SharePoint als Intranet
Speziell zum Thema SharePoint werden in dem Report verschiedene Tipps aus der Praxis zusammengefasst:
- Use SharePoint features to tackle usability challenges. Several vexing intranet usability issues can be solved using SharePoint features:
- Improve search capabilities using embedded indexing of all content. SharePoint enables indexing not only by document or page titles, but also by all content on every page. Organizations such as Hager Group used this to greatly improve search capabilities. The taxonomy model facilitates efficient metadata or full text searches with refinement options.
- Facilitate document creation and management through MS Office integration.
- Restrict and hide features, such as editing controls, from users who don’t need them.
- Plan for design customization and development to make SharePoint work well for your organization. It’s a misconception that any out-of-box product will be great for an organization; such products typically require considerable design and development work. Indeed, you might need to hire external resources to help with development. Five of the seven sites that use SharePoint hired external SharePoint consultants to make the most of the system.
- Educate employees about team (collaboration) spaces, and develop rules about when to create new spaces. SharePoint makes it easy to create team spaces that let non-developers set up and maintain areas for people to communicate. These areas can become thriving, breathing ecosystems that aid teams—or dark silos where information is old, duplicated, buried, and difficult to find, especially for people unfamiliar with the space. If organizations aren’t careful, an old intranet problem—having content hidden among many different intranet sites—could easily rear its ugly head in a slightly altered form today. [..] Team spaces let people share all kinds of content, which is a very powerful model within organizations. However, with this model, general corporate content can fall through the cracks. To avoid this, establishing a communications team for the organization can be helpful.
- Understand that implementing your own branding can take time. Designers agree that using the organization’s branding is a SharePoint specialist’s job, as is customizing the default SharePoint UI to draw attention to particular areas.
- Keep permissions simple. Designers tend to make personalization very helpful for users, but complex on the backend due to very specific roles.
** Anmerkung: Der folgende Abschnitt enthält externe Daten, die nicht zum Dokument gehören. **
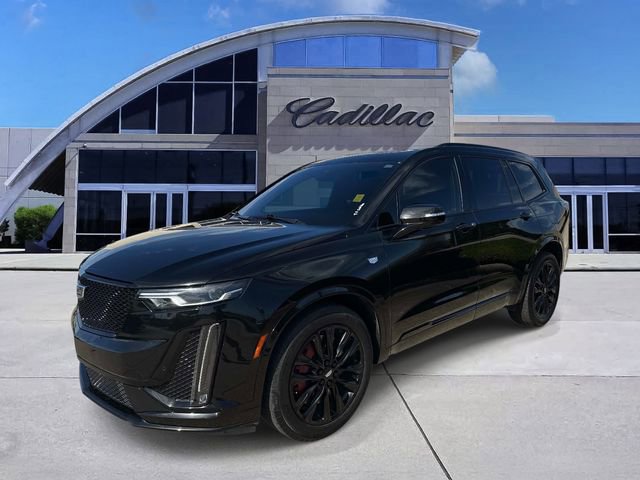 Used 2023 Cadillac XT6 Sport w/ LPO, ONYX Package image 1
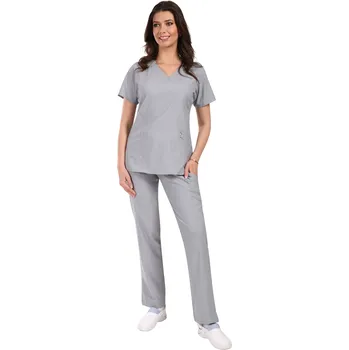 Zdravotnický oděv WonderWink Halena HADAR LADY, různé barvy Velikost XL GREY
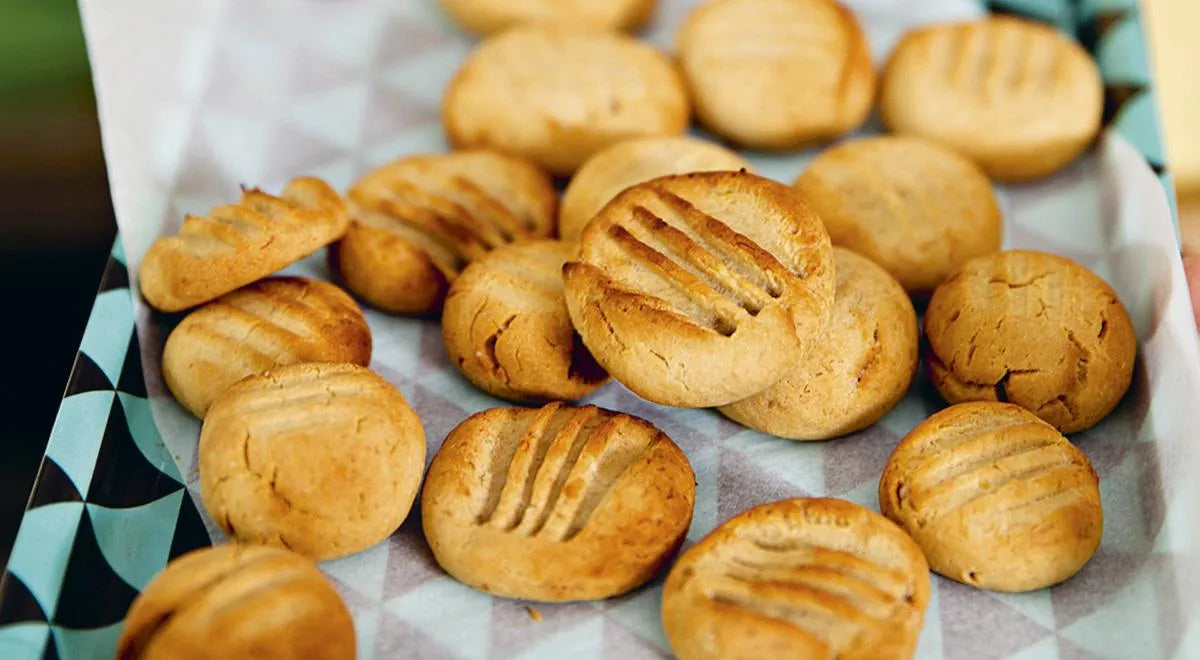Gluten-Free Banana Cookies (Rice Flour Cookies) - Walfosbrand.com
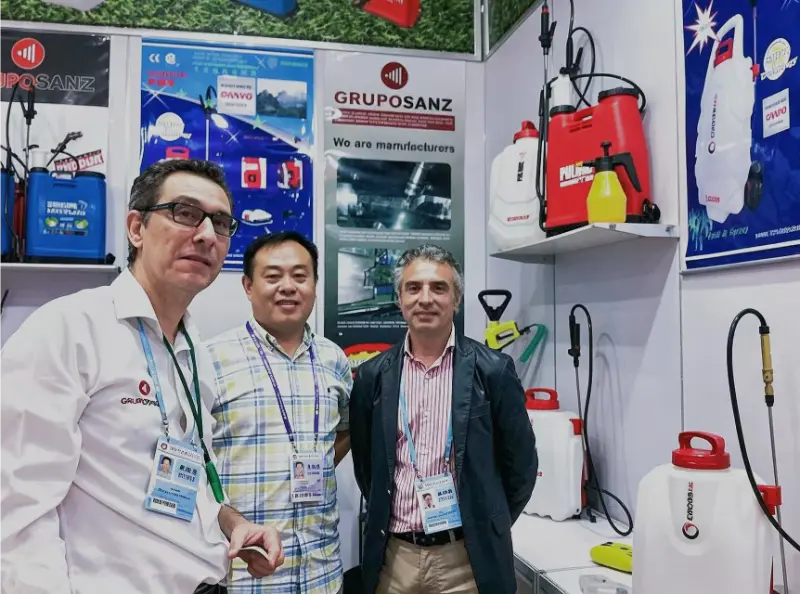 Crosstec makes its debut at the International Horticultural and Agricultural Technology Exhibition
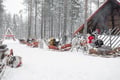 Photoshoot in Santa Claus Village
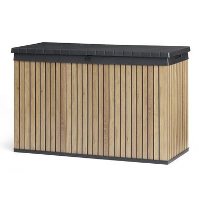 Keter Venetian Opbergbox   670L   142.5X65.3X89.5Cm   Bruin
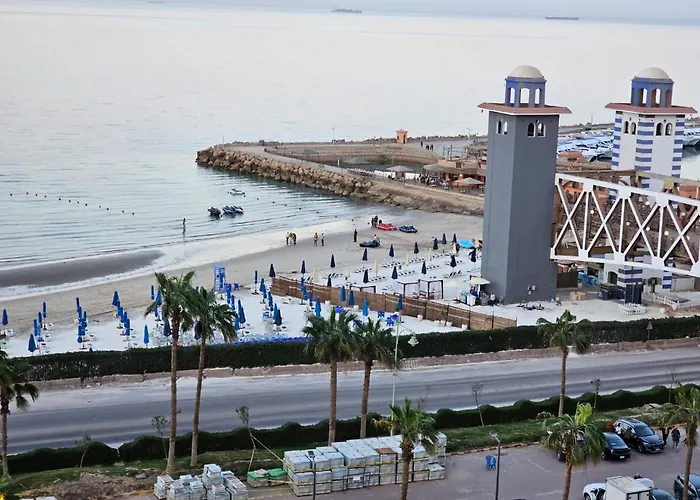Porto Sokhna Caribbean Family Only Apartment Ain Suchna
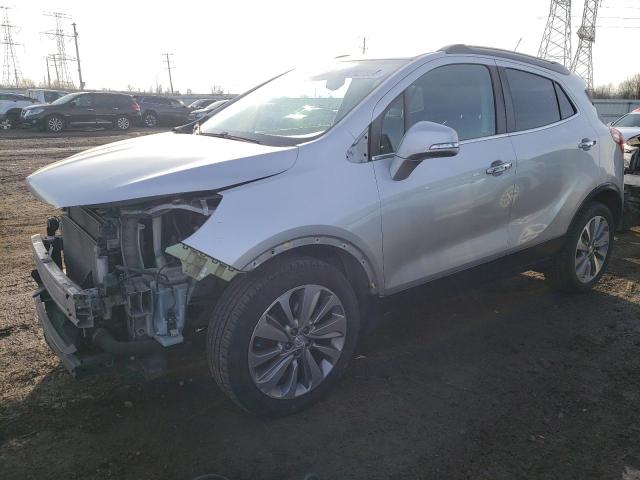 KL4CJASBXHB013542 - 2017 BUICK ENCORE PREFERRED SILVER photo 1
In all systems, this can be a quagmire to plan and maintain, and SharePoint is no different. To avoid this, winners this year recommend that you protect confidential documents, but don’t put too much granularity in the permissions.
- Accompany Enterprise 2.0 features with good planning and employee communication. SharePoint makes it easy to switch on powerful features such as commenting and rating, but employees need guidance on how to use these features on intranets. For example, management should formally sanction and use social features, and a document should live on the intranet describing expectations and rules surrounding their use. To assist content writers in encouraging reader responses, have them add a question or a call to action at the end of all articles to get readers thinking about the topic. Finally, persuade champions to start the conversations; many people are interested in commenting, but don’t want to be the first to do so.
Eine ausführliche Zusammenfassung des Reports gibt es kostenlos auf den Seiten der NNGroup, der vollständige Report (373 Seiten) kostet US$ 248,- und kann von der NNGroup heruntergeladen werden.